Hoy no es solo un día para colgar banderas tricolores y cantar “¡ay, Carmela!” por las calles. Es un día para recordar lo que realmente pasó cuando el fascismo pensó que podría aplastar al pueblo y se encontró con obreros, campesinos y mujeres con el fusil al hombro.
La revolución no llegó por decreto. Llegó porque el pueblo tomó lo que era suyo. Cuando la oligarquía española —los de siempre, los que visten traje y huelen a puro— lanzó el golpe de Estado del 18 de julio de 1936, esperaba una rápida restauración del orden burgués. Pero la calle tenía otros planes.

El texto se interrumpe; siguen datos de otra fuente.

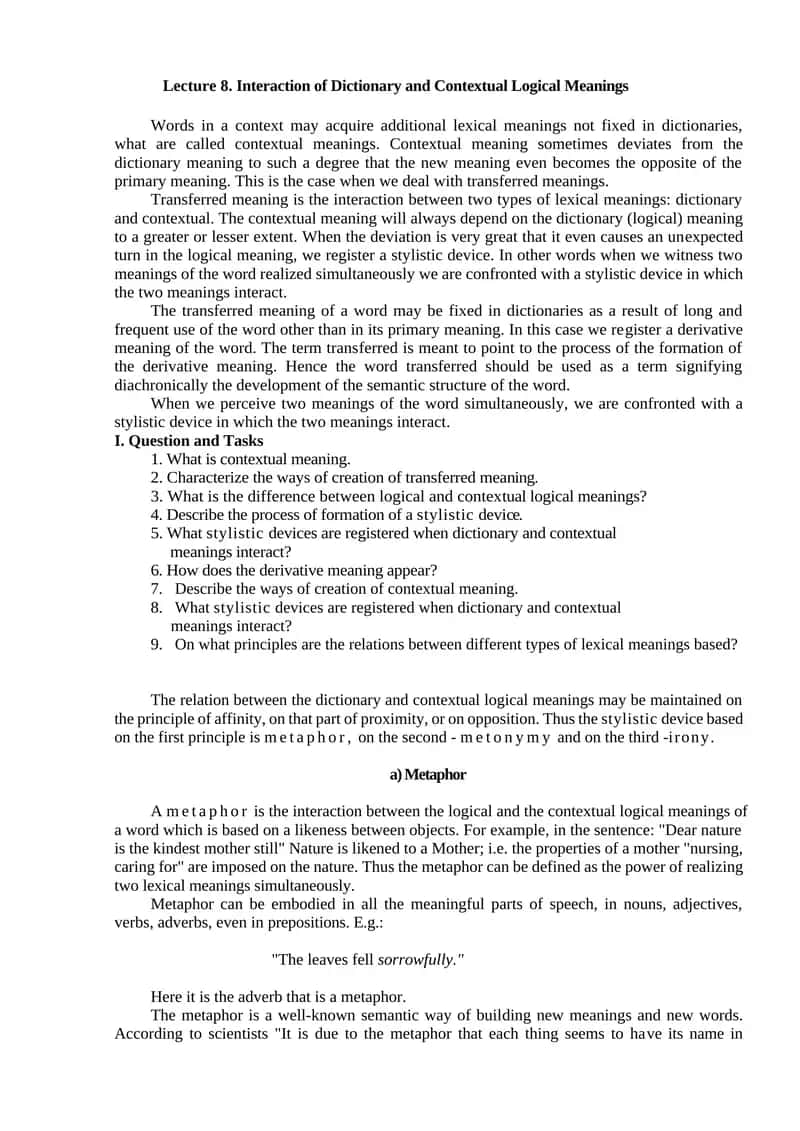 Lecture 8. Interaction of Dictionary and Contextual Logical Meanings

El movimiento obrero, las organizaciones revolucionarias, y la clase trabajadora en su conjunto no solo frenaron el golpe: empezaron a construir otra España. Una España donde las fábricas funcionaban bajo control obrero, donde los bancos eran expropiados y las tierras repartidas. Una España donde la mujer conquistaba derechos que en Europa aún tardarían décadas en llegar. Y donde los soviets —sí, SOVIETS— eran más reales que los despachos ministeriales.

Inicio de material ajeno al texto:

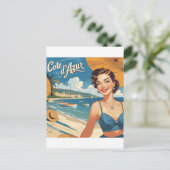 ヴィンテージスタイルコートダジュールビーチガール シーズンポストカード (スタンド正面)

Frente a la parálisis del gobierno republicano y los lloriqueos diplomáticos, las masas respondieron con organización, milicias armadas y comités revolucionarios. ¿Y qué hizo la “democrática” Europa? Financiar y armar al fascismo. Porque si algo temen más que a Franco es a la clase trabajadora en el poder.
La revolución fue interrumpida, sí. Pero no derrotada. Sigue viva en cada lucha sindical, en cada desahucio frenado, en cada comuna rural, en cada joven que no traga con las verdades oficiales. Hoy no celebramos una nostalgia: conmemoramos una lección.

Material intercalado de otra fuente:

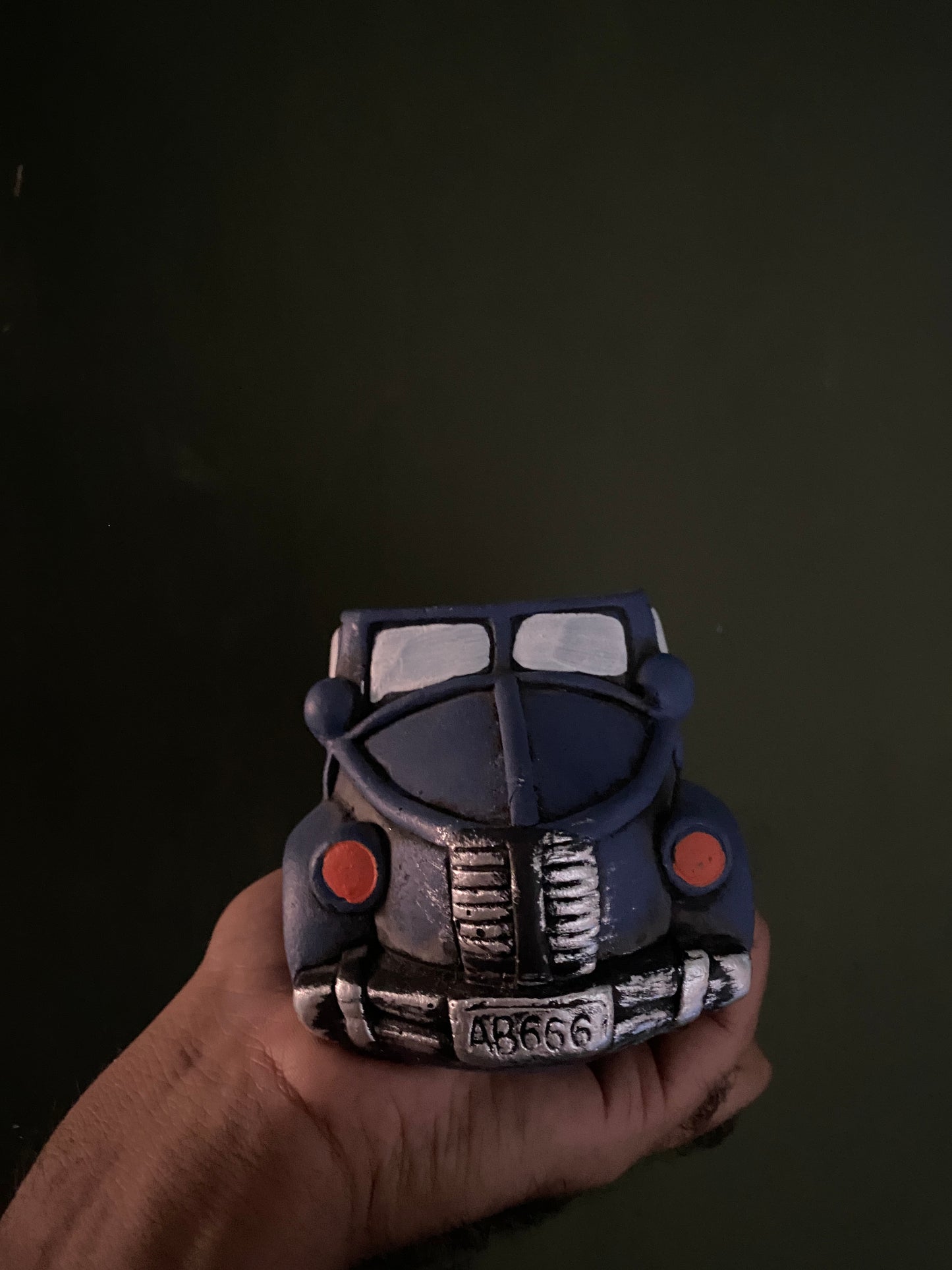 Blue car concrete planter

La II República fue mucho más que urnas y reformas: fue el intento más serio en nuestra historia moderna de construir una sociedad de justicia social, por y para la mayoría. No la dejaron triunfar, pero tampoco lograron enterrarla del todo.
Hoy, la tricolor ondea también por lo que pudo ser y por lo que, con nuestras manos, aún podemos hacer.